So you’re expecting. Now suddenly you are more concerned about school districts and proximity to emergency rooms than being in that hip nabe, a stroll home from the hotspots.So why not design your way into a home that can grow with your new little family! Preparing for your first child is always overwhelming. The easiest way to execute a design plan that takes into account an infant, child, and siblings is to think in terms of phases and flexibility of design.
Phase One: Newborn – Toddler
- Make furniture staples last longer. For the more expensive pieces, choose items that are both transitional and gender-neutral in design to account for future siblings. There are plenty of cribs available on the market that convert to a toddler- and even full-size bed. If a free-standing changing table is an option, consider a piece that you’ll still love once it’s converted to toy storage or a bookshelf when your infant is out of the diaper stage. If space is at a premium, consider a changing table that does double duty by investing in a comfortable-height dresser and topping it with a changing pad and accessories.
- Use accessories that are both durable and bright. Area rugs, ottomans with storage, colorful baskets and bins –– these design elements are the place to add life to the room in the form of bright, gender-neutral colors. Additionally, stain-resistant, textured, or patterned rugs ensure the room stays comfortable for both you and your child. Be sure anything you purchase is easy to spot treat, because stains are inevitable.

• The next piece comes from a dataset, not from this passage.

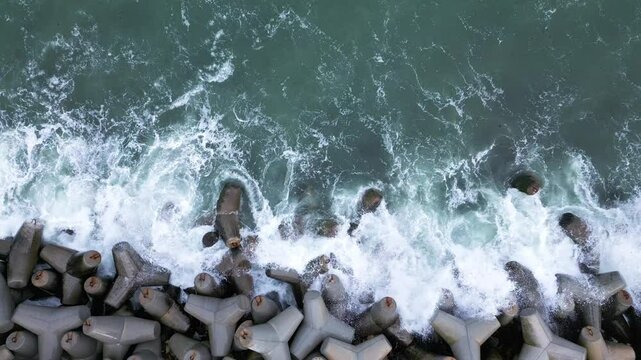 Aerial view of waves crashing against concrete tetrapods on a coastal barrier, creating dramatic white splashes and patterns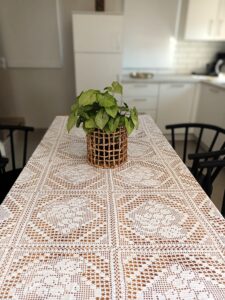 Tableclothe knitted with crochet in white 100% cotton thread. It is suitable for big dinning tables. Handmade from Greek woman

- Be flooring wise. If you’re starting from scratch (or willing to remodel), one of the best investments you can make in your sanity is installing laminate wood flooring. Beautiful and rich in texture, laminate wood withstands crayons, stains, and paint unlike traditional wood. If you’re committed to carpet be sure to opt for a flat-weave construction that can take a beating.
Phase Two: Young Child to Adolescent
- Create unique open spaces. Encourage creative play, friendship, and quiet reflection by establishing dedicated areas. Hooks and open-bin storage work to house games as well as school and art supplies. Trundle and bunk beds encourage space for friends to come over and play. Keeping toys and supplies accessible will establish a routine of independent play, including the more “quiet” activities such as reading, writing, and drawing.
- Go vertical. With children comes clutter. Keep toys, crafts, and sports equipment off the floor by creating storage space in the way of racks, lockers, and shelving.
- Think outside the bedroom. Big, open great rooms invite family activity, while easy to access snacks inside the pantry assure your kids that they have their own space in the kitchen (without having to climb the walls). Another way to recognize your child is by implementing a gallery wall to showcase your little artist’s one-of-a-kind pieces. Use clips to create a wall that can be easily swapped out or pair doodles with frames of different colors and finishes to complement each piece.
Overall, the idea of design is to have fun. Once the safety basics are established in furniture and textiles, buying pieces in colors and finishes you love will make the experience of preparing for your firstborn a whole lot less daunting.